# When is the best time to start beekeeping?



## MrsSurplus (Mar 10, 2011)

Okay, not quite ready to take the plunge, just yet...and the hubby will take some convincing. When we are ready, when is the ideal time of year to begin beekeeping?

Thank you!


----------



## no1cowboy (May 2, 2004)

In the spring when packages and nucs are available


----------



## Sunmo (Dec 29, 2004)

In the fall. Go to the county fair and see the beekeepers exhibit. Ask questions. Join a local beekeepers association. Get in on the Association's mentor program. Become an apprentice beekeeper. Get on the mailing lists of the large bee supply companies. Spend the winter building, buying, and borrowing all the equipment necessary to start your hives. Read the books at the library. Go online and join a couple beekeeping blogs. Ask all the questions you can.


----------



## indypartridge (Oct 26, 2004)

> when is the ideal time of year to begin beekeeping?


Start learning now.
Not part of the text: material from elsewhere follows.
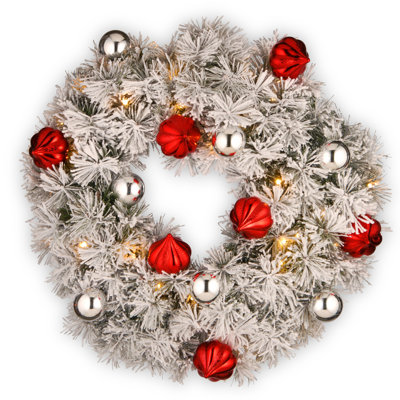 Faux Lighted Pine 24'' Wreath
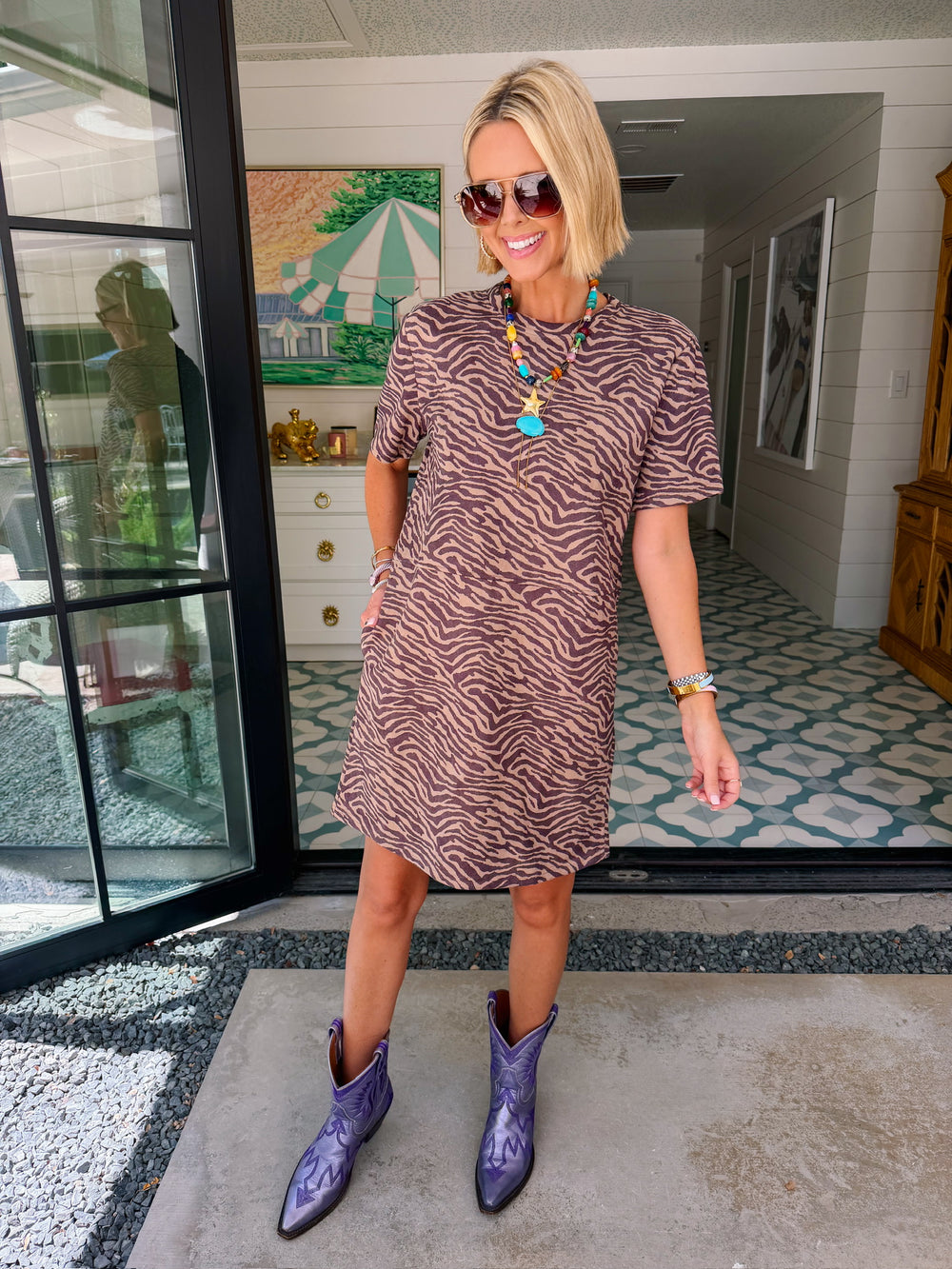 ZARA ZEBRA SUEDE SHIFT DRESS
Consider heading up to Portland on May 7th for a beginner's class:
http://www.orsba.org/htdocs/bee_schools.php

Check into local bee clubs and see if there's some closer connections you can make:
http://www.orsba.org/htdocs/regionalbranch.php

Typically you order bees in the winter and start your new colonies in the spring.


----------



## MrsSurplus (Mar 10, 2011)

Thank you all!


----------